O duelo foi marcado por um primeiro tempo elétrico, com gols das estrelas Memphis Depay e Gabriel Barbosa em um intervalo de dois minutos, e uma etapa final dramática, na qual o time da casa precisou resistir à pressão alvinegra terminando o jogo com apenas nove atletas em campo devido a lesões e expulsão.

Neymar, que retornou ao time no clássico visando ser lembrado por Carlo Ancelotti na convocação da seleção brasileira na próxima segunda-feira, 16, teve atuação bastante apagada na Vila Belmiro.

O despertar dos artilheiros e o castigo imediato

A narrativa do confronto foi desenhada logo na etapa inicial, com ambas as equipes buscando o ataque. O Corinthians foi letal aos 18 minutos. Em um contra-ataque rápido puxado por Kaio César, a bola chegou até Memphis Depay na esquerda.

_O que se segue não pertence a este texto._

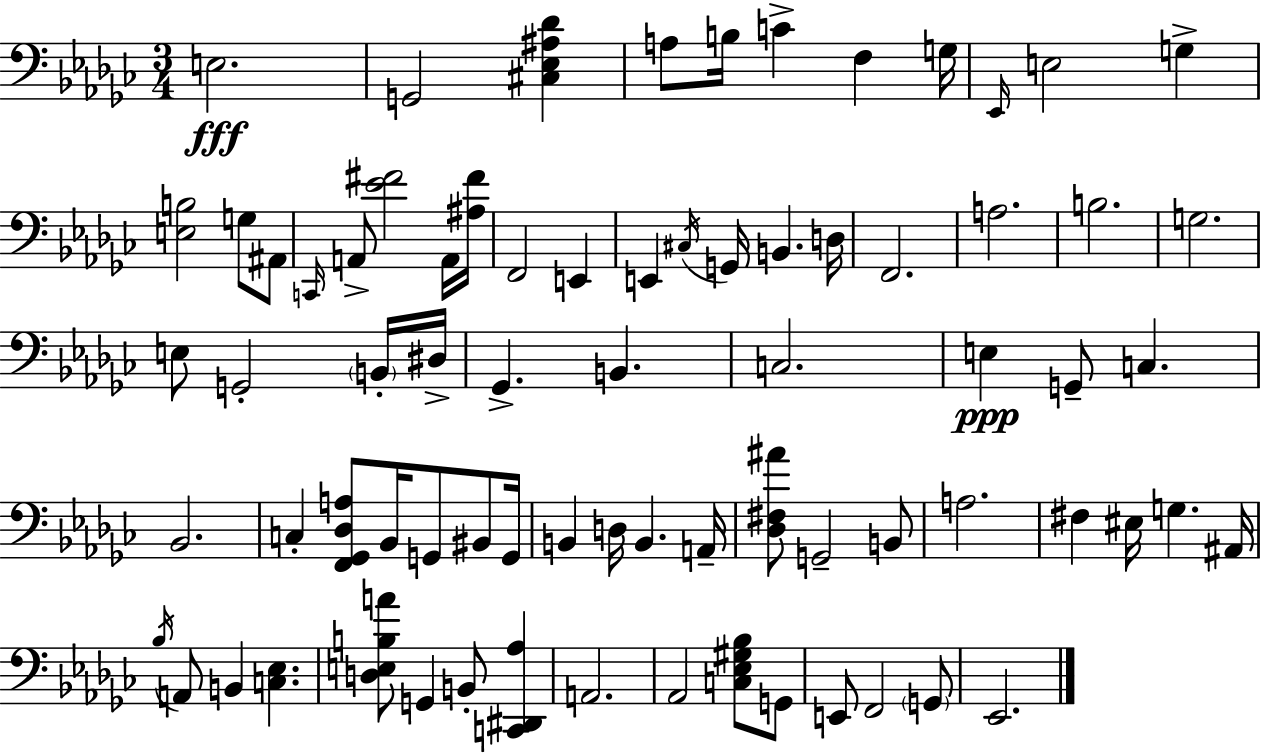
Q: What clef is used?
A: bass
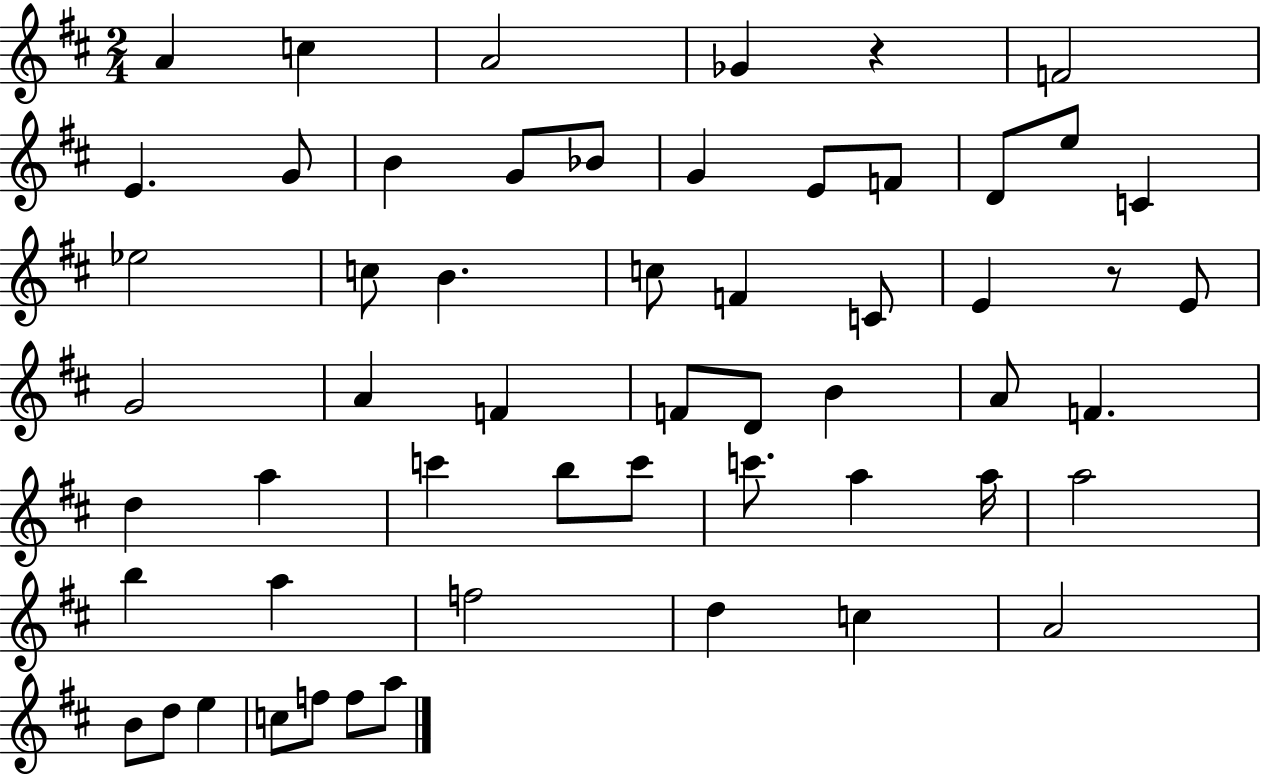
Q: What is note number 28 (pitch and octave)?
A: F4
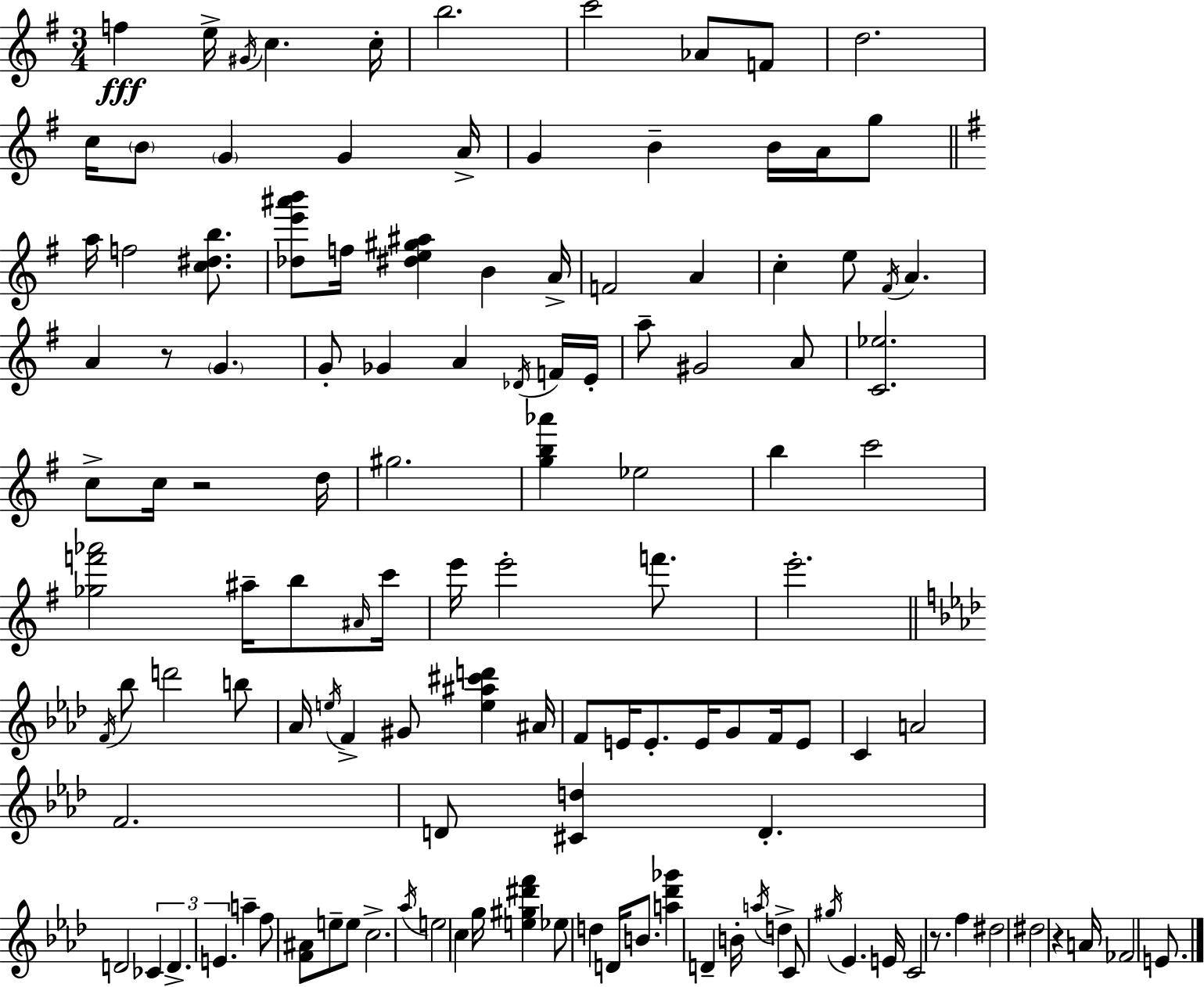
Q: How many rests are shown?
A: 4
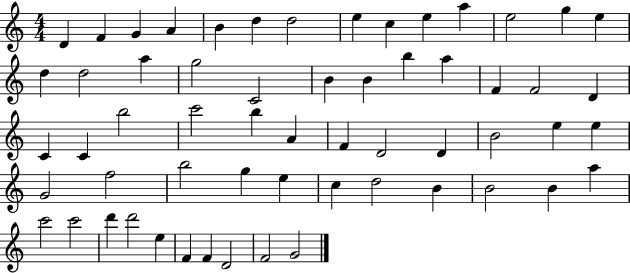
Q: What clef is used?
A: treble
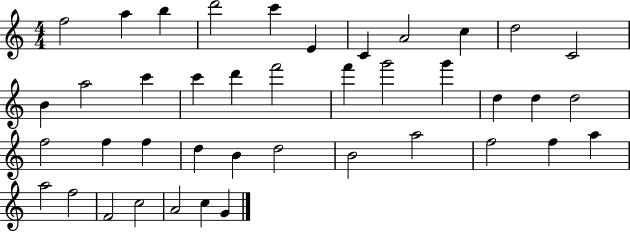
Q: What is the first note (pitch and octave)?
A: F5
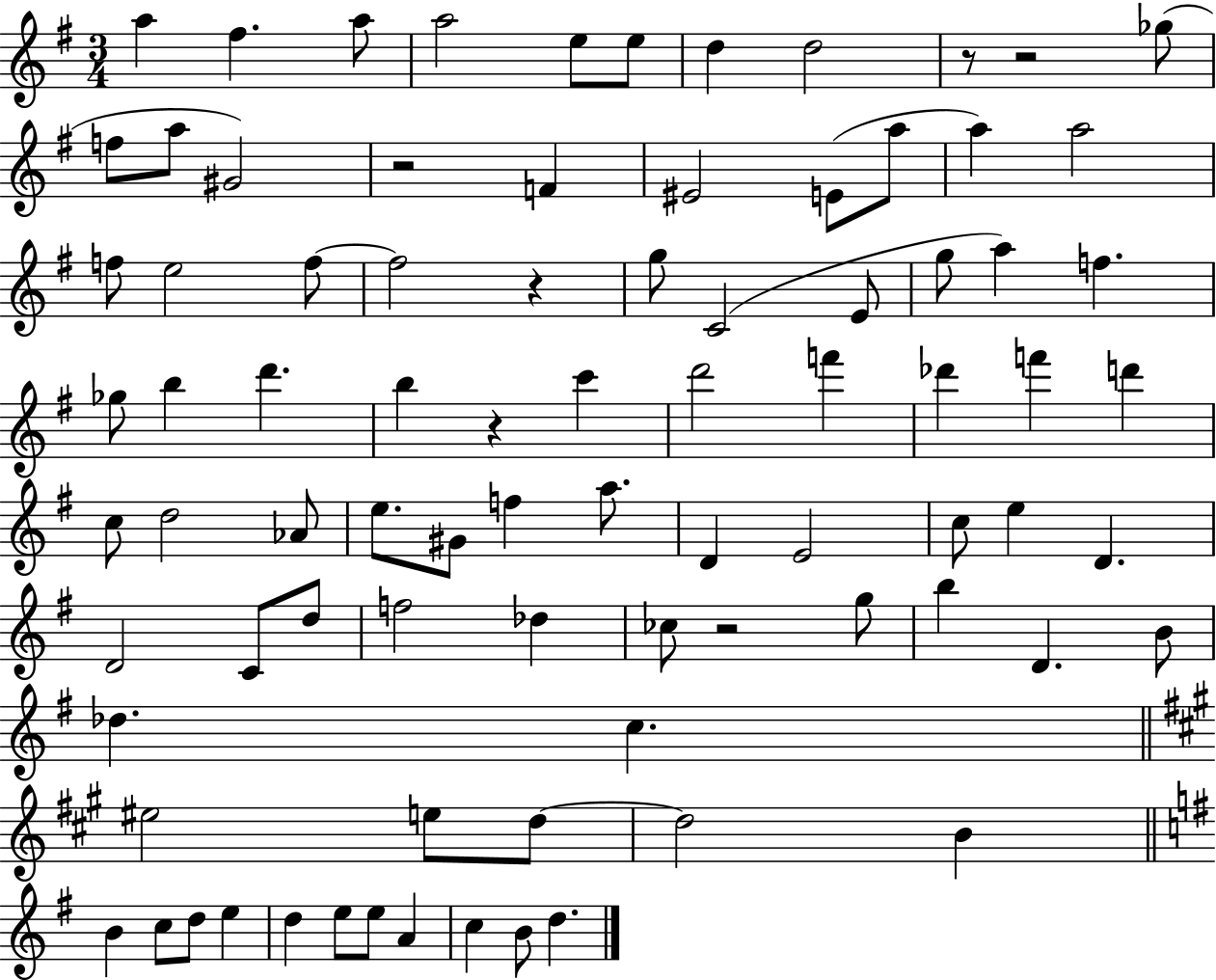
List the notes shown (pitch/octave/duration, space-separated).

A5/q F#5/q. A5/e A5/h E5/e E5/e D5/q D5/h R/e R/h Gb5/e F5/e A5/e G#4/h R/h F4/q EIS4/h E4/e A5/e A5/q A5/h F5/e E5/h F5/e F5/h R/q G5/e C4/h E4/e G5/e A5/q F5/q. Gb5/e B5/q D6/q. B5/q R/q C6/q D6/h F6/q Db6/q F6/q D6/q C5/e D5/h Ab4/e E5/e. G#4/e F5/q A5/e. D4/q E4/h C5/e E5/q D4/q. D4/h C4/e D5/e F5/h Db5/q CES5/e R/h G5/e B5/q D4/q. B4/e Db5/q. C5/q. EIS5/h E5/e D5/e D5/h B4/q B4/q C5/e D5/e E5/q D5/q E5/e E5/e A4/q C5/q B4/e D5/q.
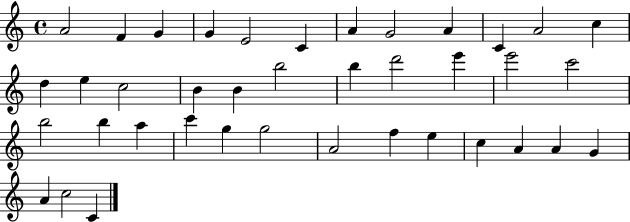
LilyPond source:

{
  \clef treble
  \time 4/4
  \defaultTimeSignature
  \key c \major
  a'2 f'4 g'4 | g'4 e'2 c'4 | a'4 g'2 a'4 | c'4 a'2 c''4 | \break d''4 e''4 c''2 | b'4 b'4 b''2 | b''4 d'''2 e'''4 | e'''2 c'''2 | \break b''2 b''4 a''4 | c'''4 g''4 g''2 | a'2 f''4 e''4 | c''4 a'4 a'4 g'4 | \break a'4 c''2 c'4 | \bar "|."
}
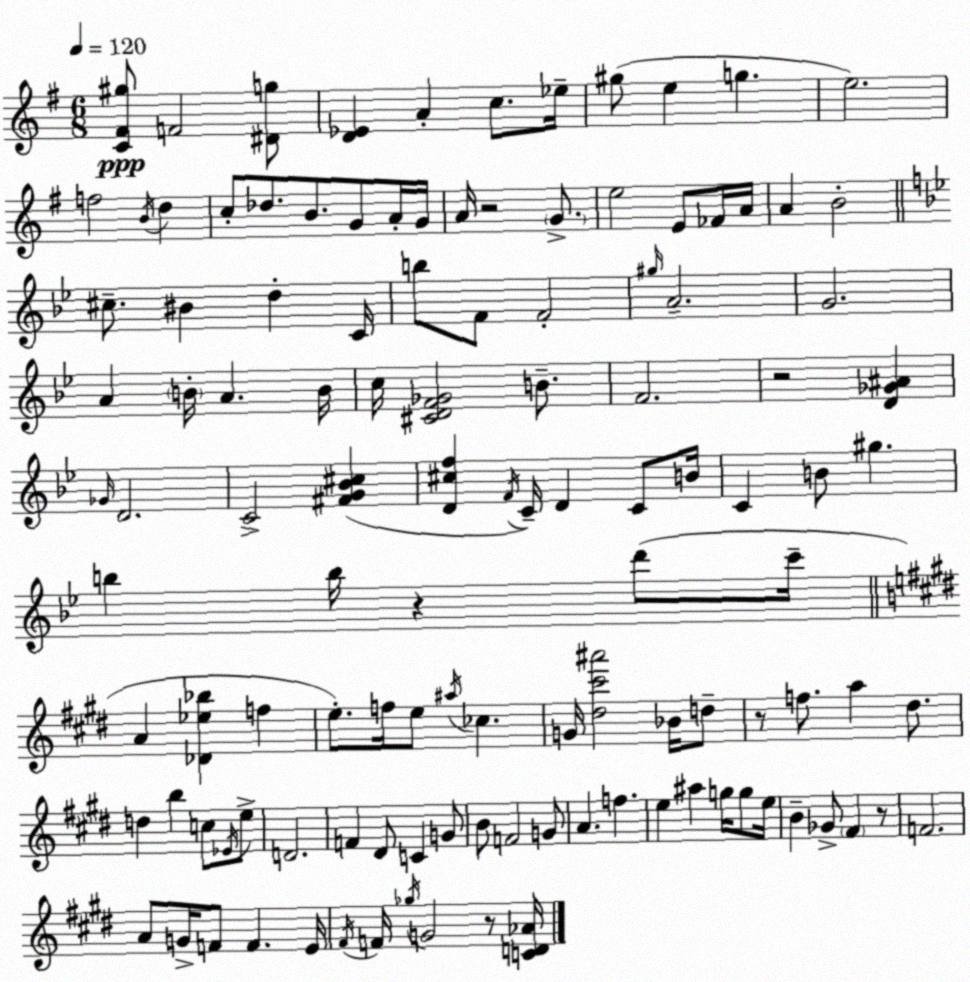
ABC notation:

X:1
T:Untitled
M:6/8
L:1/4
K:G
[C^F^g]/2 F2 [^Dg]/2 [D_E] A c/2 _e/4 ^g/2 e g e2 f2 B/4 d c/2 _d/2 B/2 G/2 A/4 G/4 A/4 z2 G/2 e2 E/2 _F/4 A/4 A B2 ^c/2 ^B d C/4 b/2 F/2 F2 ^g/4 A2 G2 A B/4 A B/4 c/4 [^CDF_G]2 B/2 F2 z2 [D_G^A] _G/4 D2 C2 [^FG_B^c] [D^cf] F/4 C/4 D C/2 B/4 C B/2 ^g b b/4 z d'/2 c'/4 A [_D_e_b] f e/2 f/4 e/2 ^a/4 _c G/4 [^d^c'^a']2 _B/4 d/2 z/2 f/2 a ^d/2 d b c/2 _E/4 e/2 D2 F ^D/2 C G/2 B/2 F2 G/2 A f e ^a g/4 g/2 e/4 B _G/2 ^F z/2 F2 A/2 G/4 F/2 F E/4 ^F/4 F/4 _g/4 G2 z/2 [CD_A]/4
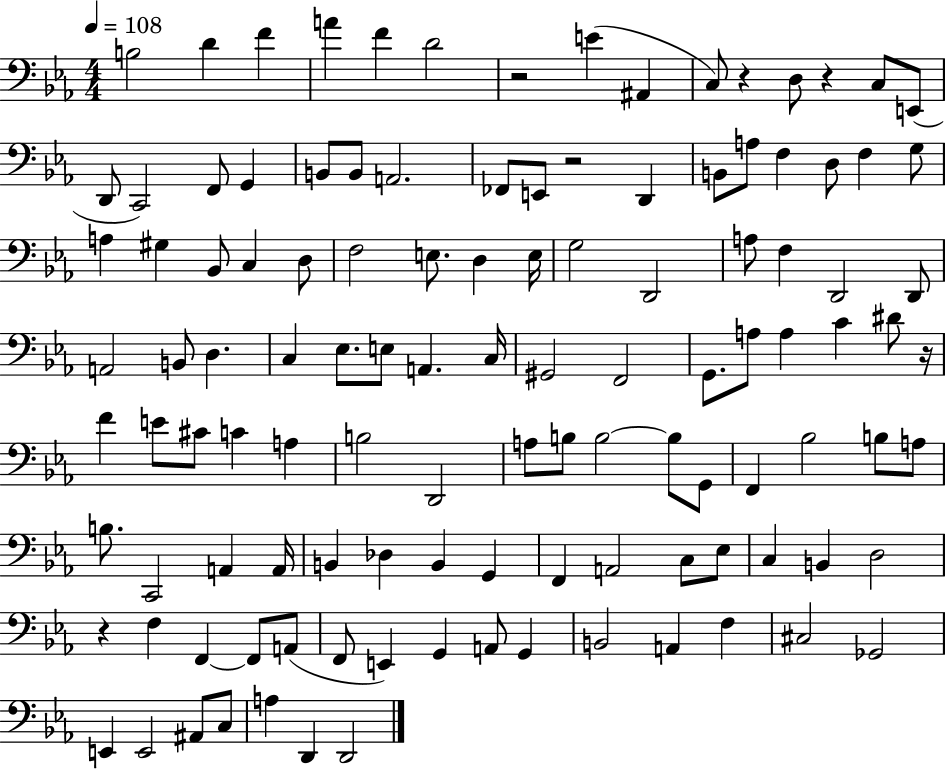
B3/h D4/q F4/q A4/q F4/q D4/h R/h E4/q A#2/q C3/e R/q D3/e R/q C3/e E2/e D2/e C2/h F2/e G2/q B2/e B2/e A2/h. FES2/e E2/e R/h D2/q B2/e A3/e F3/q D3/e F3/q G3/e A3/q G#3/q Bb2/e C3/q D3/e F3/h E3/e. D3/q E3/s G3/h D2/h A3/e F3/q D2/h D2/e A2/h B2/e D3/q. C3/q Eb3/e. E3/e A2/q. C3/s G#2/h F2/h G2/e. A3/e A3/q C4/q D#4/e R/s F4/q E4/e C#4/e C4/q A3/q B3/h D2/h A3/e B3/e B3/h B3/e G2/e F2/q Bb3/h B3/e A3/e B3/e. C2/h A2/q A2/s B2/q Db3/q B2/q G2/q F2/q A2/h C3/e Eb3/e C3/q B2/q D3/h R/q F3/q F2/q F2/e A2/e F2/e E2/q G2/q A2/e G2/q B2/h A2/q F3/q C#3/h Gb2/h E2/q E2/h A#2/e C3/e A3/q D2/q D2/h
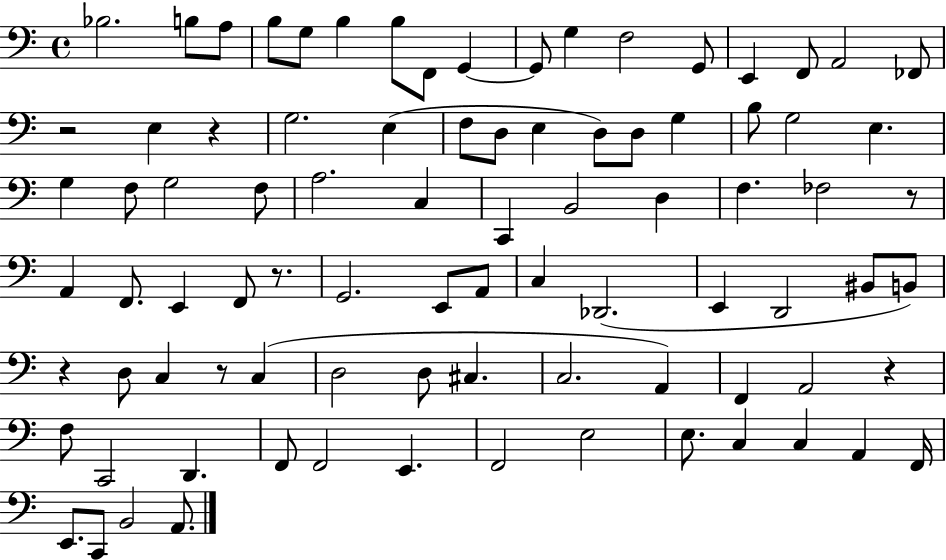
X:1
T:Untitled
M:4/4
L:1/4
K:C
_B,2 B,/2 A,/2 B,/2 G,/2 B, B,/2 F,,/2 G,, G,,/2 G, F,2 G,,/2 E,, F,,/2 A,,2 _F,,/2 z2 E, z G,2 E, F,/2 D,/2 E, D,/2 D,/2 G, B,/2 G,2 E, G, F,/2 G,2 F,/2 A,2 C, C,, B,,2 D, F, _F,2 z/2 A,, F,,/2 E,, F,,/2 z/2 G,,2 E,,/2 A,,/2 C, _D,,2 E,, D,,2 ^B,,/2 B,,/2 z D,/2 C, z/2 C, D,2 D,/2 ^C, C,2 A,, F,, A,,2 z F,/2 C,,2 D,, F,,/2 F,,2 E,, F,,2 E,2 E,/2 C, C, A,, F,,/4 E,,/2 C,,/2 B,,2 A,,/2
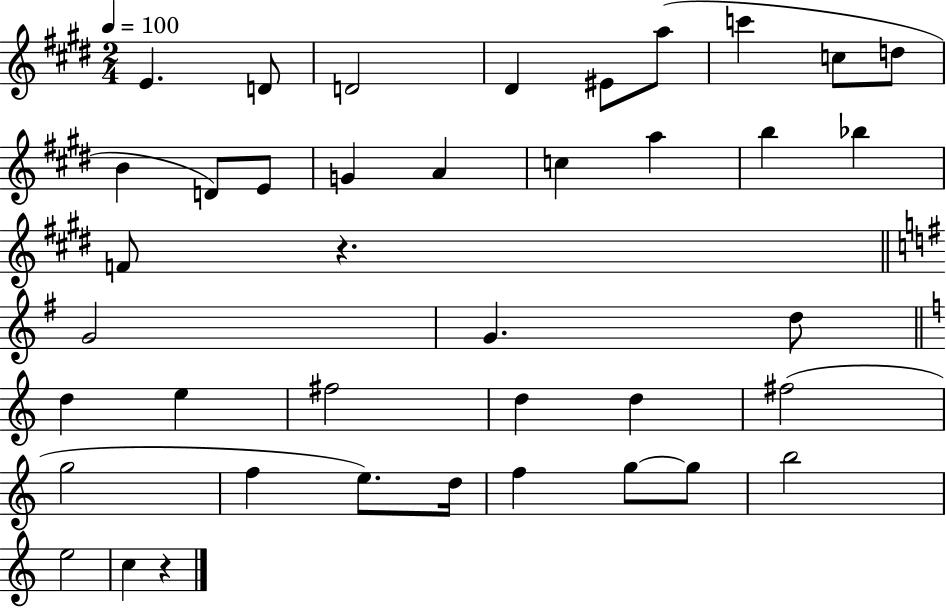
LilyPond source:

{
  \clef treble
  \numericTimeSignature
  \time 2/4
  \key e \major
  \tempo 4 = 100
  e'4. d'8 | d'2 | dis'4 eis'8 a''8( | c'''4 c''8 d''8 | \break b'4 d'8) e'8 | g'4 a'4 | c''4 a''4 | b''4 bes''4 | \break f'8 r4. | \bar "||" \break \key g \major g'2 | g'4. d''8 | \bar "||" \break \key c \major d''4 e''4 | fis''2 | d''4 d''4 | fis''2( | \break g''2 | f''4 e''8.) d''16 | f''4 g''8~~ g''8 | b''2 | \break e''2 | c''4 r4 | \bar "|."
}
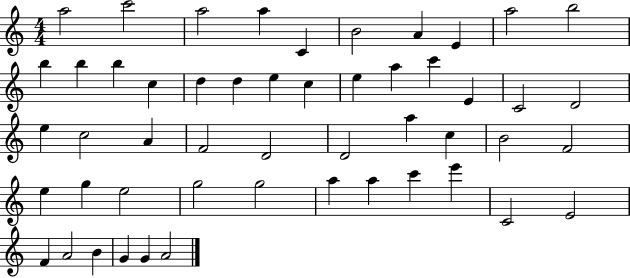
{
  \clef treble
  \numericTimeSignature
  \time 4/4
  \key c \major
  a''2 c'''2 | a''2 a''4 c'4 | b'2 a'4 e'4 | a''2 b''2 | \break b''4 b''4 b''4 c''4 | d''4 d''4 e''4 c''4 | e''4 a''4 c'''4 e'4 | c'2 d'2 | \break e''4 c''2 a'4 | f'2 d'2 | d'2 a''4 c''4 | b'2 f'2 | \break e''4 g''4 e''2 | g''2 g''2 | a''4 a''4 c'''4 e'''4 | c'2 e'2 | \break f'4 a'2 b'4 | g'4 g'4 a'2 | \bar "|."
}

O atacante holandês controlou, driblou a marcação e fuzilou no canto esquerdo de Gabriel Brazão, marcando seu primeiro gol na temporada e encerrando um jejum que durava desde dezembro do ano passado.

No entanto, a alegria corintiana durou pouco. Apenas dois minutos depois, a pressão do Santos forçou um erro fatal. O zagueiro Gabriel Paulista escorregou no meio-campo ao dividir com Neymar. A bola sobrou limpa para Gabriel Barbosa, que disparou livre pelo meio e tocou na saída de Hugo Souza para decretar o empate e inflamar a torcida na Vila Viva Sorte.

Duelo particular sob as traves

Além dos artilheiros, os goleiros foram protagonistas para garantir que o placar não fosse alterado antes do intervalo. Hugo Souza brilhou ao espalmar uma cobrança de falta no ângulo de Neymar e um chute perigoso de Barreal. Do outro lado, Gabriel Brazão fez um verdadeiro milagre aos 35 minutos, voando no canto esquerdo para defender uma cabeçada fulminante de Gustavo Henrique após cobrança de escanteio.

Drama, lesões e resistência heroica

Se o primeiro tempo foi de técnica e gols, a etapa final transformou-se em uma batalha física e de sobrevivência para o Peixe. O técnico Dorival Júnior viu seu planejamento ruir com as lesões de Bontempo e Barreal. O clima esquentou, as faltas se multiplicaram e o Corinthians tentou assumir o controle das ações, esbarrando na forte marcação santista.

O cenário ficou crítico para os donos da casa aos 42 minutos, quando Luan Peres cometeu falta dura em Raniele, recebeu o segundo cartão amarelo e foi expulso. Para piorar a situação dramática, nos acréscimos, o jovem Vinicius Lira sofreu uma grave lesão no joelho. Como o Santos já havia feito as cinco substituições permitidas, a equipe precisou se defender com apenas nove jogadores nos minutos derradeiros. Apesar da vantagem numérica e da pressão final, o Timão não conseguiu furar o bloqueio santista.